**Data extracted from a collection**
☆ ☆ ☆ ☆ ☆

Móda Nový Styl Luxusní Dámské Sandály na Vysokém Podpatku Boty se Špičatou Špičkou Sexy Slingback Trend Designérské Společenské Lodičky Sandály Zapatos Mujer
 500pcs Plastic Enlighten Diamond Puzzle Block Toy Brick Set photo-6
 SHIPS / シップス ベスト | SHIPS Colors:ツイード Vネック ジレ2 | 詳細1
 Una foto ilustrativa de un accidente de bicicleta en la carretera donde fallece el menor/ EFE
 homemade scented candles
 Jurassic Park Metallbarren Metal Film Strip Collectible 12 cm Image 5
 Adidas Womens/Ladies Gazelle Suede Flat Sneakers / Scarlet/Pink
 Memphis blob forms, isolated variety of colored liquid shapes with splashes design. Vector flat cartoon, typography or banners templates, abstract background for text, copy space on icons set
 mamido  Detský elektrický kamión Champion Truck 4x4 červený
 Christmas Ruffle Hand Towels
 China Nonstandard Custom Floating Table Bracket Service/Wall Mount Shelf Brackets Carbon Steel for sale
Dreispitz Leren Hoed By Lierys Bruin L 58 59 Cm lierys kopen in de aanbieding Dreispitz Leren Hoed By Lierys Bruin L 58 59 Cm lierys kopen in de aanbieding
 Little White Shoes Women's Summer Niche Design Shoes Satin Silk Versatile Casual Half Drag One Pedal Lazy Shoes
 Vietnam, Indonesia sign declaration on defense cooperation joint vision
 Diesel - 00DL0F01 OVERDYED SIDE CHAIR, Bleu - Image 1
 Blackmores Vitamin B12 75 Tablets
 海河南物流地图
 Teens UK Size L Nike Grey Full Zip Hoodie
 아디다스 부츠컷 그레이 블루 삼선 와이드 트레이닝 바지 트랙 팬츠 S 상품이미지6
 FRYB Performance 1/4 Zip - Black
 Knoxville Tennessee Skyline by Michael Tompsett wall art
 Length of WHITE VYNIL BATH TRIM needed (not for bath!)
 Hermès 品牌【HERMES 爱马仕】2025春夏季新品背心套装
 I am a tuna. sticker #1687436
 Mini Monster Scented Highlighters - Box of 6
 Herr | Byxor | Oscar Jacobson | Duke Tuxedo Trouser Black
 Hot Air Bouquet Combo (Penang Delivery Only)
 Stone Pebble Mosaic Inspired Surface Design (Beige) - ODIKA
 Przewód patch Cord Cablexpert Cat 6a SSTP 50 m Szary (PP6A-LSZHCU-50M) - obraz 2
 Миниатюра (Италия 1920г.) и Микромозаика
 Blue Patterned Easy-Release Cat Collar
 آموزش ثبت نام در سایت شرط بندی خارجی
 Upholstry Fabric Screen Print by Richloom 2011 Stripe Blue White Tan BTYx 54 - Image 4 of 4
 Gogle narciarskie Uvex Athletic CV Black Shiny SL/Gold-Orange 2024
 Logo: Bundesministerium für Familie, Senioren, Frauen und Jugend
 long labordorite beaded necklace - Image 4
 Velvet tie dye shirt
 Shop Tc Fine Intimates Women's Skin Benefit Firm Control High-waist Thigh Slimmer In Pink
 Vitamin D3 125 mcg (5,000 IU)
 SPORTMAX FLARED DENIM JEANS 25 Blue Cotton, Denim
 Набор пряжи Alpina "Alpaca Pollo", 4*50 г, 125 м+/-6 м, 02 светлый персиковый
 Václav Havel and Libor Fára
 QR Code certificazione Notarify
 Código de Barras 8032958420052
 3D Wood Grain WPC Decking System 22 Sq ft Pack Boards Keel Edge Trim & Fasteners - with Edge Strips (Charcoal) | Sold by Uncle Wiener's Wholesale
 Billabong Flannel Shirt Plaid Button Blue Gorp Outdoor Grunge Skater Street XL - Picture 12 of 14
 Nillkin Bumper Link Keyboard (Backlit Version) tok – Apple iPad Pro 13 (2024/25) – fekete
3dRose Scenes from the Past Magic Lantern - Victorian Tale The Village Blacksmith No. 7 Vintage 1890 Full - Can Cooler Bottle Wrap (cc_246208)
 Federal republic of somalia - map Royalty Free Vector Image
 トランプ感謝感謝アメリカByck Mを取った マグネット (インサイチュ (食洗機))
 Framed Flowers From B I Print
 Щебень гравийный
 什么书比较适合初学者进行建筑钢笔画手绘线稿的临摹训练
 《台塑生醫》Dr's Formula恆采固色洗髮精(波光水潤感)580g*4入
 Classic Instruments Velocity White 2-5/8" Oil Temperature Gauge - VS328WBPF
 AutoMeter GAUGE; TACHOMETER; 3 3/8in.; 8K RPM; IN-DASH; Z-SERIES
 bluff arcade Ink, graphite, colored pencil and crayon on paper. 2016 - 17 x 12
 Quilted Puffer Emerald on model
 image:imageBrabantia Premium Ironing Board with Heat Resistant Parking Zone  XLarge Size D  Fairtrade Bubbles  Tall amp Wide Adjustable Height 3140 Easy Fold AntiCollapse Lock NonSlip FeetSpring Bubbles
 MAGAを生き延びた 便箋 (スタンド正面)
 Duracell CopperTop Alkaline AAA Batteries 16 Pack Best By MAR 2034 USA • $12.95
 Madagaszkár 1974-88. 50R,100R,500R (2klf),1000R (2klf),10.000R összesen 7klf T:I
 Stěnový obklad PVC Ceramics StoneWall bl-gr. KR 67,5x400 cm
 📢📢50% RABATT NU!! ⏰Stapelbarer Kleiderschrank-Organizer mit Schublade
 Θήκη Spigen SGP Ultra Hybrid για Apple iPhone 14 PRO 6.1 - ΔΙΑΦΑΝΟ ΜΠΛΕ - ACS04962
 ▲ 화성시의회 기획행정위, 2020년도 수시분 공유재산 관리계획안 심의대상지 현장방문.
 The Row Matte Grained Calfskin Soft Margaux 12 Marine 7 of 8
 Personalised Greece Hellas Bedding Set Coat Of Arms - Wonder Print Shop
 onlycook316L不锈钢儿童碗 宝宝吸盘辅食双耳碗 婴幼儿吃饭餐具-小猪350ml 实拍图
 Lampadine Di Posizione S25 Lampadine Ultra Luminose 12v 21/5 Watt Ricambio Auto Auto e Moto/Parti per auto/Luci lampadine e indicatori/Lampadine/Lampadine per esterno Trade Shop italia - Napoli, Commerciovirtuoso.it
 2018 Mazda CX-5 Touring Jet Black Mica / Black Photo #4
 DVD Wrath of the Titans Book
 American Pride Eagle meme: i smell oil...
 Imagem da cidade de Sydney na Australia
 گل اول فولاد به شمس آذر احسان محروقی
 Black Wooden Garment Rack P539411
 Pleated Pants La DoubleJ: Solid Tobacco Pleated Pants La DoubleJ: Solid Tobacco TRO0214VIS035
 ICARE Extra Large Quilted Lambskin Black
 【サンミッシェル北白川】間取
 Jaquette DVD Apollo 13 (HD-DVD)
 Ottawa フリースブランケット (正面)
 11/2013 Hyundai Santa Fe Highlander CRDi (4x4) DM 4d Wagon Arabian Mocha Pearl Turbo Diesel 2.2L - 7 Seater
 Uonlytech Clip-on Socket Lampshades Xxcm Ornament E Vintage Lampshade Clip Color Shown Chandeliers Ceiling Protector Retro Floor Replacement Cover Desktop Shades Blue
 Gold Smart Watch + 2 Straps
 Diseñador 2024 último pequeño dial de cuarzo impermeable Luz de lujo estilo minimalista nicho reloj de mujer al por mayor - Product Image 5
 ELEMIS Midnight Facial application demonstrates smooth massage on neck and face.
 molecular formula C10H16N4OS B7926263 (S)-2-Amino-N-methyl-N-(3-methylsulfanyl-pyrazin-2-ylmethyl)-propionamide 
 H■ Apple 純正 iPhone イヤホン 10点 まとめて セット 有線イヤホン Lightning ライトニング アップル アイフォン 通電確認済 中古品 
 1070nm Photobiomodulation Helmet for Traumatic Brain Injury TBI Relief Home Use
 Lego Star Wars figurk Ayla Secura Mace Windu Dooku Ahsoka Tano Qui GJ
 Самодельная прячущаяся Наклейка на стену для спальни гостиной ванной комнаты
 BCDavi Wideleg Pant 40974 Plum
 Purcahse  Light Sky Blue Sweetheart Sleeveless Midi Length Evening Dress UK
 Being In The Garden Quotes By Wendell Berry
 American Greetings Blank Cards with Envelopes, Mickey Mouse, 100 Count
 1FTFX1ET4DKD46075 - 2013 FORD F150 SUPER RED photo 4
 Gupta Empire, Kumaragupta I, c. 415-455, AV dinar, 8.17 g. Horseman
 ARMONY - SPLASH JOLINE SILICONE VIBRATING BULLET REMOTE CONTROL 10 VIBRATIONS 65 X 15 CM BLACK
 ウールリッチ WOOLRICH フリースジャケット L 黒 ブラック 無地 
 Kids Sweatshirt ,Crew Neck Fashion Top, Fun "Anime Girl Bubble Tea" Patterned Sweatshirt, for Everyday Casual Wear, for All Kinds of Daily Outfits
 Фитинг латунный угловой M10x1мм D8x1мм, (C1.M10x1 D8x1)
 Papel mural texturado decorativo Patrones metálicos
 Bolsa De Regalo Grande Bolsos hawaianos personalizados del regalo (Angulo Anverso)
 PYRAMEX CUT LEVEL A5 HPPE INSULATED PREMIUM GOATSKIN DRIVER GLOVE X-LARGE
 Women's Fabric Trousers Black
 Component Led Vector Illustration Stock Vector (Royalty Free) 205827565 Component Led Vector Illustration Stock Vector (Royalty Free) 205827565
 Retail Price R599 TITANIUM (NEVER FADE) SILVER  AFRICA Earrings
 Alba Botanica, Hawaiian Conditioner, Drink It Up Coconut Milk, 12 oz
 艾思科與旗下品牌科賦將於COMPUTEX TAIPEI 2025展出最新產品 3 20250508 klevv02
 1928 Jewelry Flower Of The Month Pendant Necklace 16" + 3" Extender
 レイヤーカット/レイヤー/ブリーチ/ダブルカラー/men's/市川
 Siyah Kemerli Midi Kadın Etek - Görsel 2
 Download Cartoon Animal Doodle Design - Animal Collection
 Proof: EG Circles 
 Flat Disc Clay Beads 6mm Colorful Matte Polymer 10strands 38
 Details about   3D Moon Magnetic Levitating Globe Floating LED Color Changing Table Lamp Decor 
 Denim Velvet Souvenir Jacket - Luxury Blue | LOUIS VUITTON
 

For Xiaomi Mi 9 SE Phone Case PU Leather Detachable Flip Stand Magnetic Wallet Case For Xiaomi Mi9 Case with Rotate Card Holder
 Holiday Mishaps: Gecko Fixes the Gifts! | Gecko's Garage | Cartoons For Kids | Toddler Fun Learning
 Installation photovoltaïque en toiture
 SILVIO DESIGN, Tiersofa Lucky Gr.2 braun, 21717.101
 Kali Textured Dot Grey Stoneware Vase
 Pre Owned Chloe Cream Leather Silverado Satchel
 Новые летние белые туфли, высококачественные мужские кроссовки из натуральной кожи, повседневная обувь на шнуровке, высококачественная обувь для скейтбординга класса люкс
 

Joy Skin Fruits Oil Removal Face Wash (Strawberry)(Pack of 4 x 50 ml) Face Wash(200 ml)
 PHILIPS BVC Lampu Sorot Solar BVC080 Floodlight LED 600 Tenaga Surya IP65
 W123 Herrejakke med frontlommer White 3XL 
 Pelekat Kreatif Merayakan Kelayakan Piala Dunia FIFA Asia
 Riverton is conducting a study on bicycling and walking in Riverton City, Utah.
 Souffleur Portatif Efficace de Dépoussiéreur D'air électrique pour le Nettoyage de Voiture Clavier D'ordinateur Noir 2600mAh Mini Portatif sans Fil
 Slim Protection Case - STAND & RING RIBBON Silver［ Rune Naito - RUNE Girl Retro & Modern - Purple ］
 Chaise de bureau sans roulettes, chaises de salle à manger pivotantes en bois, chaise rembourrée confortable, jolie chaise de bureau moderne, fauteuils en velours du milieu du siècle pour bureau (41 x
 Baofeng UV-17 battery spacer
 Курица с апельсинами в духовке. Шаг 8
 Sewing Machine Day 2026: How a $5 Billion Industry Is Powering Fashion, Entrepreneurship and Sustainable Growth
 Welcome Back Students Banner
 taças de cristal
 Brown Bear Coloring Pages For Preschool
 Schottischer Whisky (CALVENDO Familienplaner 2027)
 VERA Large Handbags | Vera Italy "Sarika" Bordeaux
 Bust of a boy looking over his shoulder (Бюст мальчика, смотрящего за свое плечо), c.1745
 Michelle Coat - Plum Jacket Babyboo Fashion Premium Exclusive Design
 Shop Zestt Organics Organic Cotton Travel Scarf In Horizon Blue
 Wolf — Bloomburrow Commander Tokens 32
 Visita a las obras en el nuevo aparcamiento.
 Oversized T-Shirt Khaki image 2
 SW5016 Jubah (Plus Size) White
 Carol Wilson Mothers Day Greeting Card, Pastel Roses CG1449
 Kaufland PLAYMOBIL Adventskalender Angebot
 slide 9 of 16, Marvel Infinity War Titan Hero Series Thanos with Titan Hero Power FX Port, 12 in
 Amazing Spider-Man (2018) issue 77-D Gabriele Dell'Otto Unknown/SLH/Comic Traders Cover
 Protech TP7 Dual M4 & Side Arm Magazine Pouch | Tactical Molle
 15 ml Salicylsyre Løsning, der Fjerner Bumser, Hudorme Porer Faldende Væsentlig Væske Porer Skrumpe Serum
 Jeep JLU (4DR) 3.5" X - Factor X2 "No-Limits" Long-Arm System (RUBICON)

☆ ☆ ☆ ☆ ☆

**Description of the task**
Please give an exact copy of the entries above, from the line with "Siyah Kemerli Midi Kadın Etek - Görsel 2" down to the line with "Table Lamp Decor", inclusive, and nothing else.

**Solved exercise**
 Siyah Kemerli Midi Kadın Etek - Görsel 2
 Download Cartoon Animal Doodle Design - Animal Collection
 Proof: EG Circles 
 Flat Disc Clay Beads 6mm Colorful Matte Polymer 10strands 38
 Details about   3D Moon Magnetic Levitating Globe Floating LED Color Changing Table Lamp Decor 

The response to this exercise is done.